La bellezza ci si palesa attraverso la luce, e l’atto del vedere è quello che maggiormente ci avvicina alle cose, pertanto può essere inteso come percezione di principale importanza, rispetto alle altre proprie alla natura umana. Le opere della recente produzione, dalla fine degli anni ’80 a oggi, mostrano le influenze e gli spunti derivati dagli anni della formazione presso l’Accademia di Brera a Milano, e testimoniano della maturazione della sua arte: le figure risultano decurtate in busti classici, tronchi privi di membra, o sagome stilizzate, a significare la posizione parziale e la sostanziale impotenza dell’uomo in rapporto a ciò che lo circonda; i segnali di limitazione stradale, i coni edili, i pali a strisce che circoscrivono gli spazi, paiono porre in evidenza l’esperito, a puntualizzarne l’avvicinabilità solo apparente, forse parziale, l’effettiva irragiungibilità; gli strumenti di misurazione del tempo: metronomi, ingranaggi, clessidre, orologi solari assimilati a cerchi cromatici, sono altresì svuotati di senso, per “appiattire” l’esperienza in un eterno presente, in cui passato e futuro si fondono, nella labilità delle convenzioni; geometrie solide e piane inducono in tentazione riportando la mente al Cubismo e alle precedenti teorizzazioni di Matisse: laddove ogni cosa è spogliata dalle caratteristiche circostanziali, si torna alle forme di base; simmetria, specularità e precisione scientifica simboleggiano il tentativo che l’uomo compie quotidianamente per trovare il proprio posto nel mondo.
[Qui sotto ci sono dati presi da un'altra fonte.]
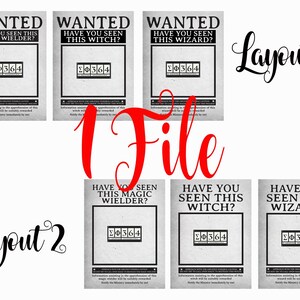 May include: A collection of vintage-style "Wanted" posters. The posters feature the text "Have You Seen This..." followed by "Magic Wielder", "Witch", or "Wizard". Each poster includes a code and a call for information.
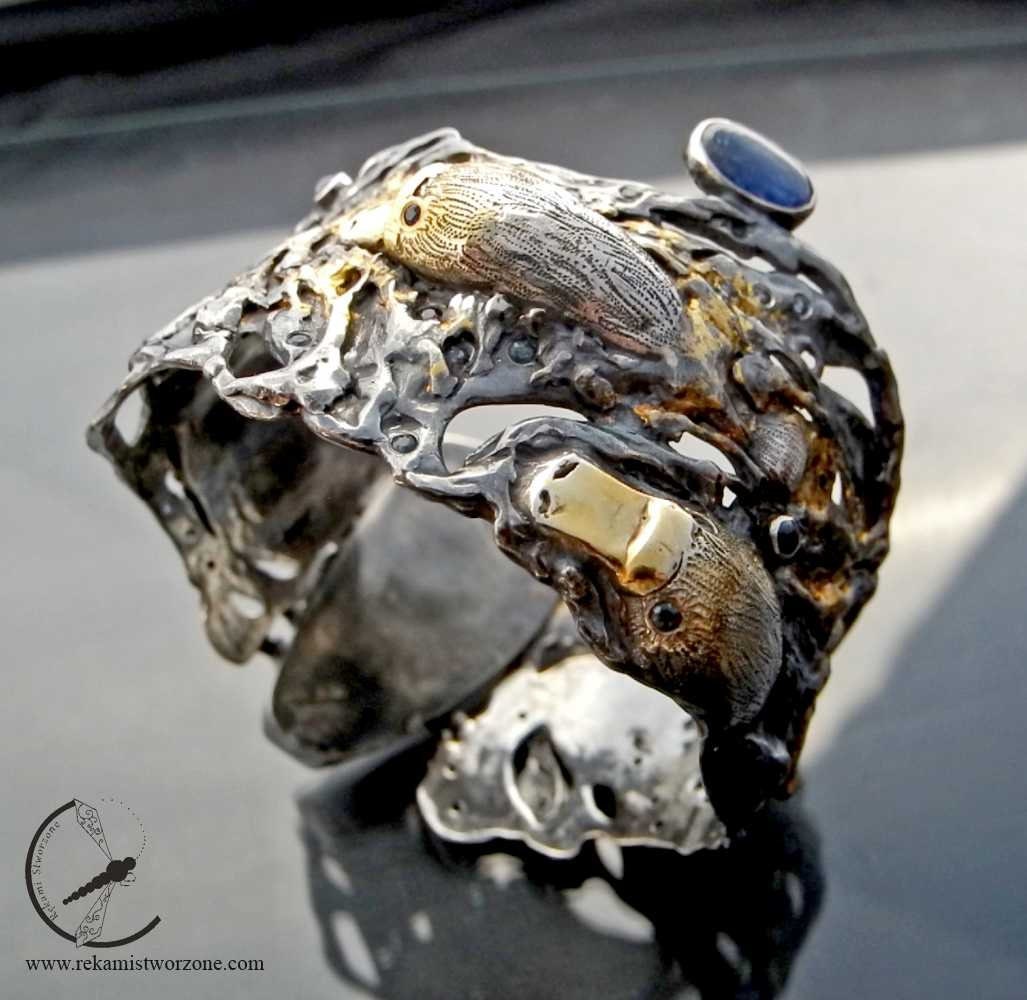 Australian Dusk Silver Platypus Bracelet With Sapphires, Opal, Gold - Etsy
Tutto è enigma, alla cui radice è impossibile a noi arrivare, e di qui la quiete immobile e atemporale in cui unico mezzo rivelatore è per l’uomo la luce, la quale è d’ausilio all’artista, la cui facoltà creativa gli conferisce una qualità visionaria che potrebbe in qualche modo avvicinarlo alla Verità, ma di quanto non ci è dato sapere.
E’ in questo contesto di riflessione, che le fisionomie degli ulivi assumono una significanza simbolica e archetipica per antonomasia: plasmati dalla natura e dal tempo, essi acquistano una fisionomia pressoché antropomorfa, situandosi, grazie alla loro longevità, al di fuori delle epoche, e divenendo paradigmi della vita stessa, oltre gli sterili vaneggiamenti autoreferenziali della ragione.